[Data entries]

********************

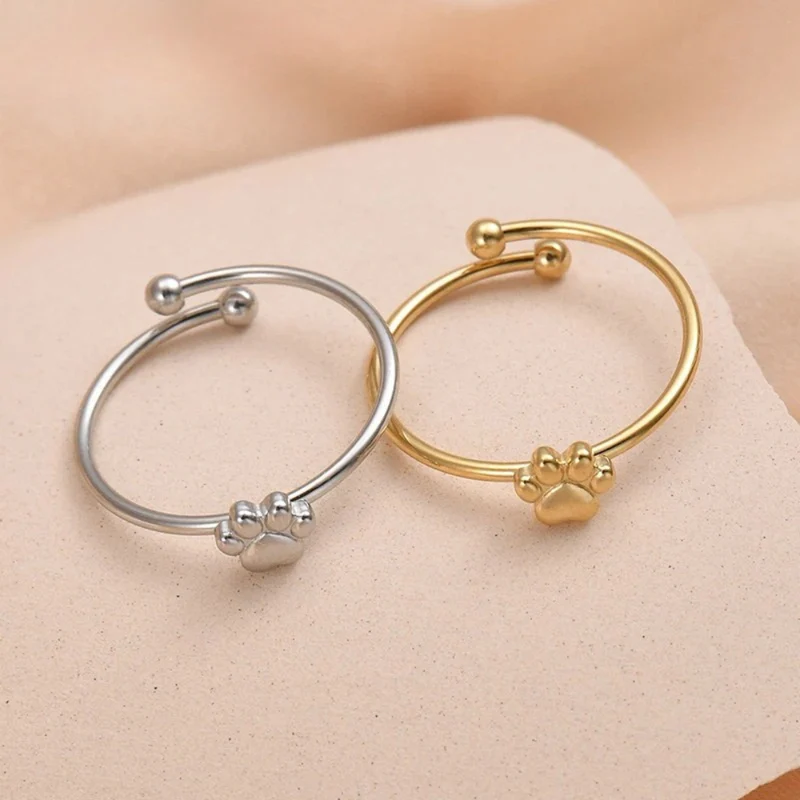 Bague Fine Patte de Chien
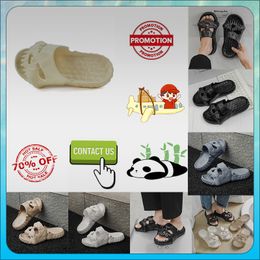 Designer Casual Platform Skeleton Head Funny One Word Drag Pantoufles Sliders d'été Hommes Femmes Rainbow Slides Sandales Sandales Coussin Doux Cloud Slide GAI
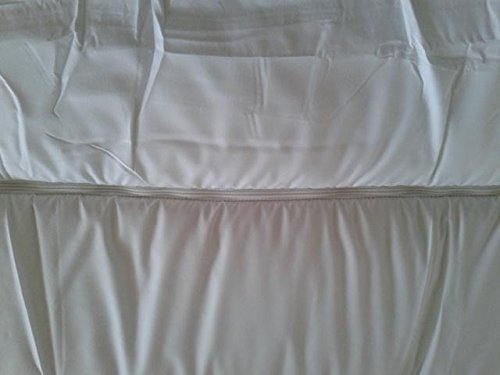 Bleu Câlin Edredón, Para Cama Extensible, Lavable a 95°, Blanco, 140x(150+50) cm, KBOBEVOL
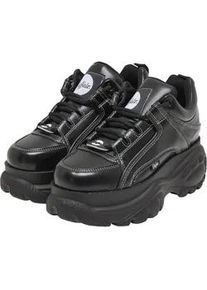 Trainingsschuh Buffalo "Buffalo 1339-14 - VEGAN BOX", Damen, Gr. 39, schwarz, Kunstfaser, unifarben, Schuhe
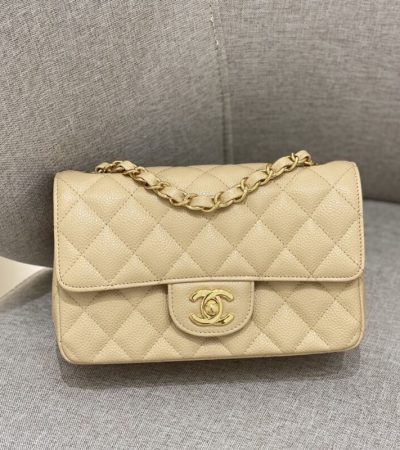 Replica CHANEL Classic Flap 20cm Apricot - top-rated replica designer bag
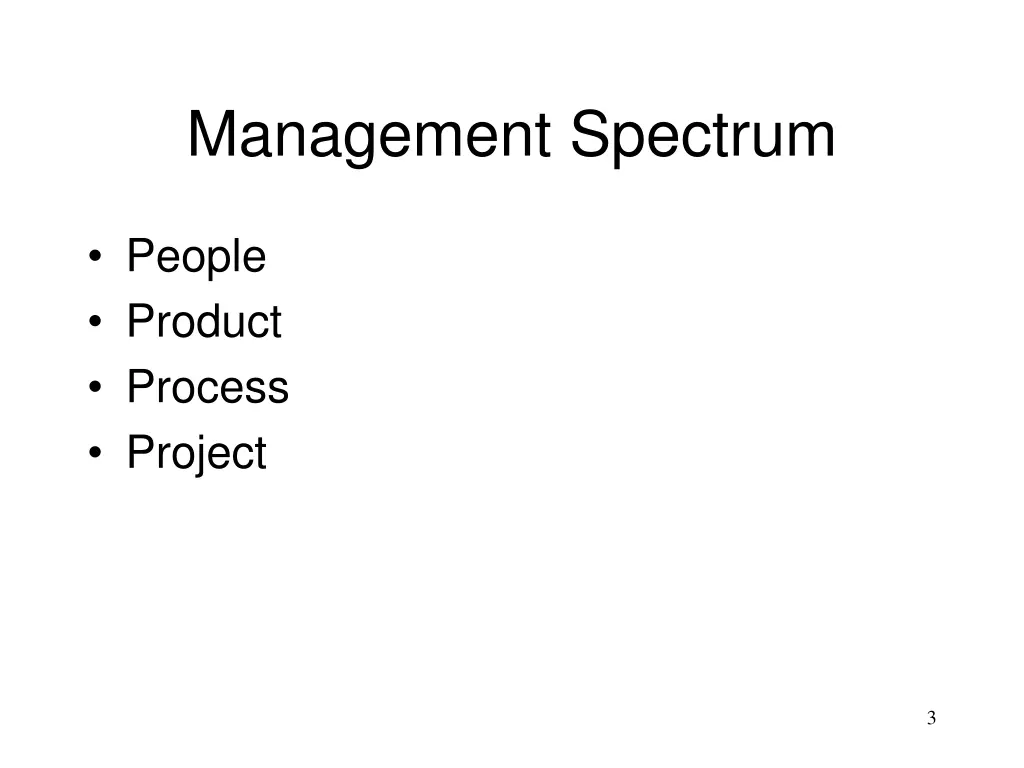 management spectrum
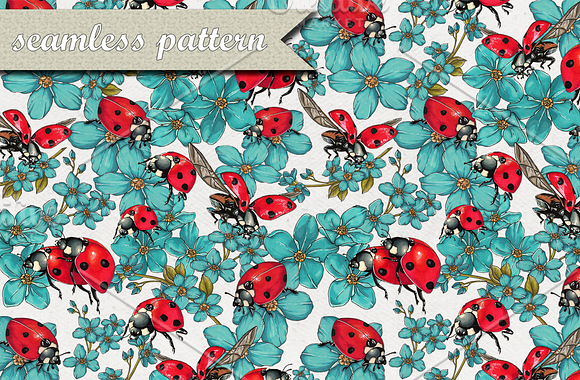 Oh, Ladybugs!...(marker collection) in Patterns - product preview 1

********************

TASK INSTRUCTIONS =
With pictures left out, transcribe each line from the one containing "Kunstfaser, unifarben, Schuhe" through the end of the data, both ends included.

ANSWER SPACE =
 Trainingsschuh Buffalo "Buffalo 1339-14 - VEGAN BOX", Damen, Gr. 39, schwarz, Kunstfaser, unifarben, Schuhe
 Replica CHANEL Classic Flap 20cm Apricot - top-rated replica designer bag
 management spectrum
 Oh, Ladybugs!...(marker collection) in Patterns - product preview 1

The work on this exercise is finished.